Mobil Dinas Pejabat Tembus Rp 931 Juta! Pemerintah Dalih: Itu Cuma Batas Atas, Bukan Wajib Habis
- antara
Jakarta, tvOnenews.com - Pemerintah kembali memicu sorotan tajam publik. Kali ini, lewat kebijakan kenaikan biaya pengadaan kendaraan dinas pejabat eselon I yang tertuang dalam Peraturan Menteri Keuangan (PMK) Nomor 32 Tahun 2025. Nilainya tidak main-main: Rp 931.648.000 per unit. Angka ini mendekati satu miliar rupiah—untuk satu mobil dinas.
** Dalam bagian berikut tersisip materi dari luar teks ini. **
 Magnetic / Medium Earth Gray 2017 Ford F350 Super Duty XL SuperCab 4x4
Jika dibandingkan dengan aturan sebelumnya—PMK Nomor 39 Tahun 2024—biaya tersebut melonjak dari Rp 878.913.000. Kenaikan ini langsung menuai kritik sebagai bentuk pemborosan anggaran, terlebih di tengah wacana efisiensi dan penghematan belanja negara yang terus digaungkan.
Namun, pemerintah punya narasinya sendiri.
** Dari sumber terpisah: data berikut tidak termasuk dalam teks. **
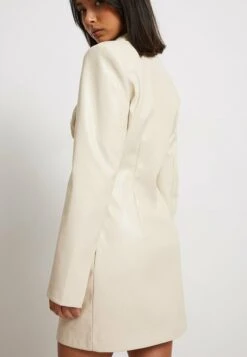 NA-KD Mit Geraffter Brust - Robe Chemise - Light Beige 7 NA-KD Mit Geraffter Brust - Robe Chemise - Light Beige -Next Soldes 206b70e0922c4575b7cd356a471c0b98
“Itu standar saja, bukan berarti harus dibelanjakan sebesar itu,” tegas Menteri Sekretaris Negara Prasetyo Hadi, di Kompleks Istana Kepresidenan, Jakarta Pusat, Selasa (10/6/2025).
Menurut Prasetyo, penetapan standar biaya bukan berarti setiap instansi akan otomatis menggelontorkan dana sebesar itu untuk mobil dinas. Nilai tersebut hanyalah acuan maksimal, bukan batas yang wajib dihabiskan. Dengan kata lain, pengadaan tetap bisa dilakukan di bawah nilai standar, selama sesuai kebutuhan dan efisiensi.
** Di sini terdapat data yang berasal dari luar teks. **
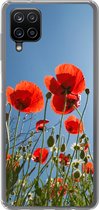 Geschikt voor Samsung Galaxy A12 hoesje - Felle zon boven een aantal klaprozen in Spanje - Siliconen Telefoonhoesje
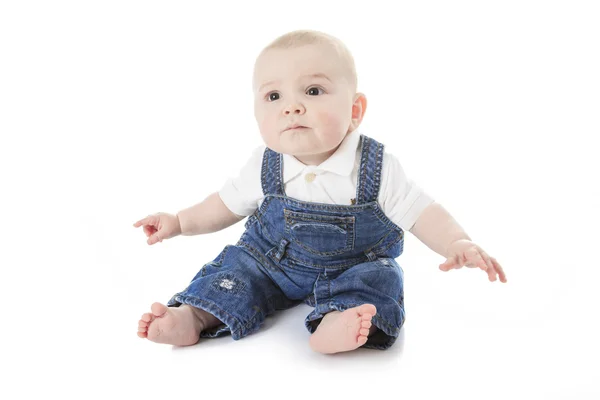 忍び寄るとに分離された白の笑顔かわいい赤ちゃん — ストック写真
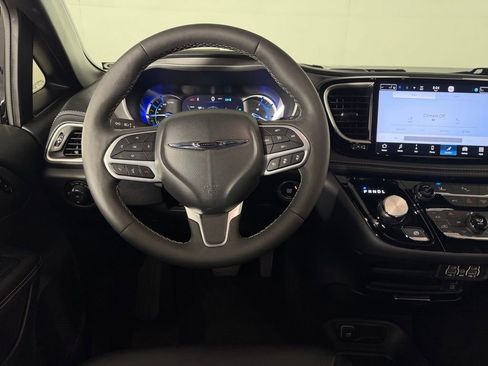 Used 2025 Chrysler Pacifica Select w/ Uconnect Theater Family Group FWD image 14
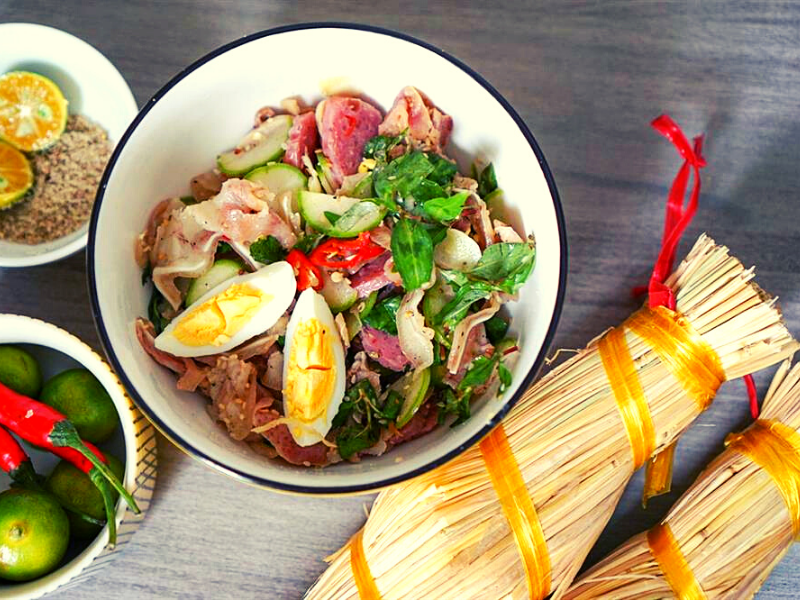 Rơm được buộc chặt một đầu, xòe đều, ôm trọn gói tré bên trong. Cách gói tưởng chừng đơn giản nhưng lại đòi hỏi sự tỉ mỉ, khéo tay để tré lên men đều, giữ được hương vị chuẩn nhất.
Pernyataan ini menjadi respons atas kritik publik yang menilai pengadaan mobil dinas seharga hampir Rp 1 miliar sebagai bentuk inkonsistensi kebijakan pemerintah dalam mengendalikan pengeluaran belanja barang mewah.
Prasetyo menegaskan kembali bahwa prinsip efisiensi bukan berarti menghentikan seluruh aktivitas belanja, tetapi lebih pada mengarahkan anggaran pada hal-hal yang benar-benar produktif.
“Efisiensi itu kan filosofinya adalah diperuntukkan kegiatan yang lebih produktif,” ujarnya.
Meski pemerintah menekankan bahwa nilai Rp 931 juta hanyalah batas atas, publik tetap bertanya-tanya: jika efisiensi adalah prioritas, mengapa batasnya terus naik? Dan seberapa sering instansi betul-betul membelanjakan di bawah standar?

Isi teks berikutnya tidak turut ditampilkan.